Y si en calle Ferraz tienen vergüenzas a esconder, en calle Génova no les van en absoluto a la zaga: el Partido Popular se ha caracterizado en los últimos años por hacer exactamente lo contrario a lo prometido. Si en legislaturas anteriores los populares ya habían mostrado algunos signos de escaso respeto a la verdad y a la palabra dada (sólo hay que recordar su gestión del caso Prestige o la del 11-M), el periodo 2011-2015 les ha coronado como la formación política con mayor capacidad para mentir sin rubor.

La décima legislatura empezó en 2011 con una victoria del PP por mayoría absoluta. El país atravesaba una profunda crisis económica (que aún dura) y los populares, con Mariano Rajoy a la cabeza, se habían presentado a sí mismos como la mejor opción para reflotar un país en serias dificultades. Para ello elaboraron un programa en el que destacaba la no-subida de impuestos (incluyendo especialmente el IVA), el mantenimiento de las pensiones o una reforma laboral que no abaratara el despido. Rajoy, además, aseguró que metería la tijera a todo "menos a Sanidad y Educación" y se comprometió a luchar contra la corrupción.

No hace falta mencionar que el gobierno del PP subió tanto el IVA como el IRPF, recortó las pensiones e impuso una reforma laboral que abarató el despido.
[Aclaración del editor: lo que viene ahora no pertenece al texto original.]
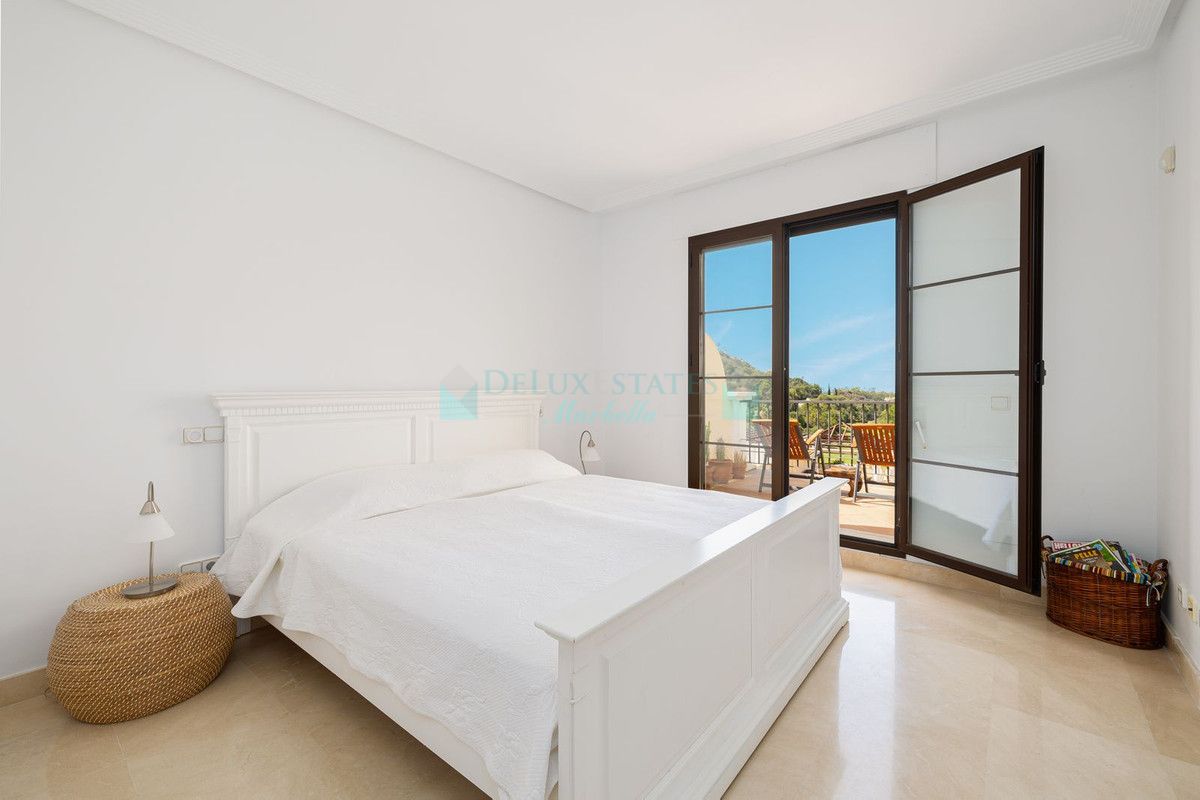 Apartamento en venta en Los Arqueros, Benahavis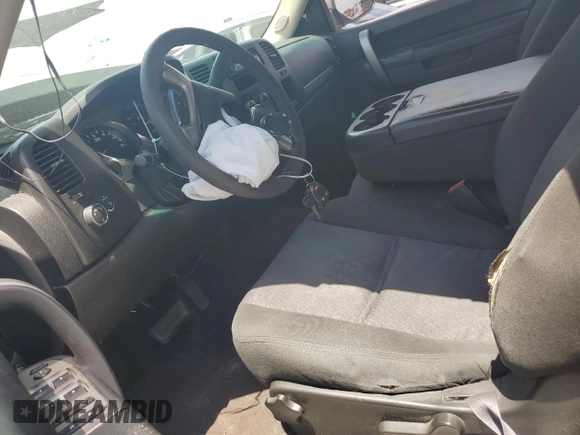 2011 GMC Sierra 1500 with VIN 1GTR1VEA9BZ179429, listed as a Copart auction lot 60401294 with 177,240 mi miles and Salvage Title. Bid and sale history available at DreamBid. Image 7.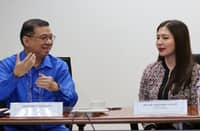 TRADE Undersecretary and Board of Investments managing head Ceferino Rodolfo (left) and San Simon Acting Mayor Josephine Anne Canlas recently forges agreement to lure more investors in the said locality.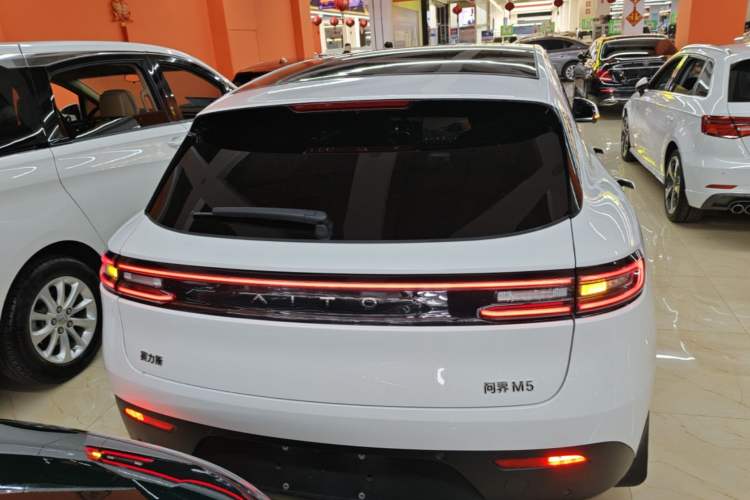 Used Hima AITO M5 2022 Extended-Range Four-Wheel Drive Flagship Edition Rear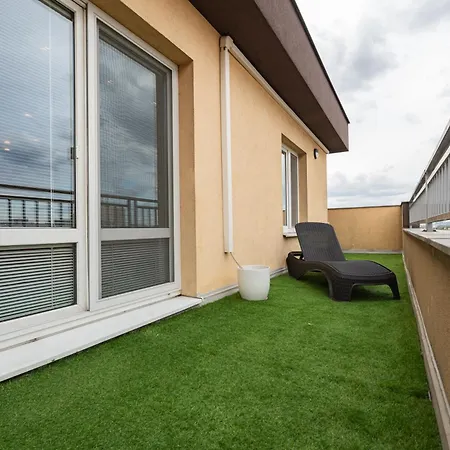 Spacious Family For 6 - Garage & Balcony * Pozsony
El ejecutivo de Rajoy también recortó hasta 10.000 millones de euros de las partidas de Educación y Sanidad y se encuentra amenazado por distintas tramas de corrupción que afectan a miembros ilustres de la trama del partido, como el caso Gürtel, las 'tarjetas black' o la Operación Púnica, entre otras.

A los casos individuales de cada partido hay que sumarle, además, una pesada losa: la modificación del artículo 135 de la Constitución para incluir un techo de déficit. Para dos formaciones tan reticentes a reformar la carta magna y tan opuestas ideológicamente, ponerse de acuerdo en este caso fue sorprendente fácil: la reforma se aprobó en apenas una semana en pleno verano del 2011, con el electorado de vacaciones y desconectado de la actualidad política.

Ante este panorama, quizás lo más sensato sería reducir los programas electorales a la mínima expresión como propone el Regional Manifestos Project de la Universidad de Deusto, especialmente cuando es la propia Justicia la que confirma que dichos programas no son un contrato, ergo que su validez es cuando menos dudosa. En cualquier caso, lo que parecen mostrar las últimas encuestas es que la ciudadanía no está dispuesta a seguir tolerando estos desmanes: el fin de la hegemonía de los gigantes que gobernaron España durante tres décadas parece cada vez más cercana.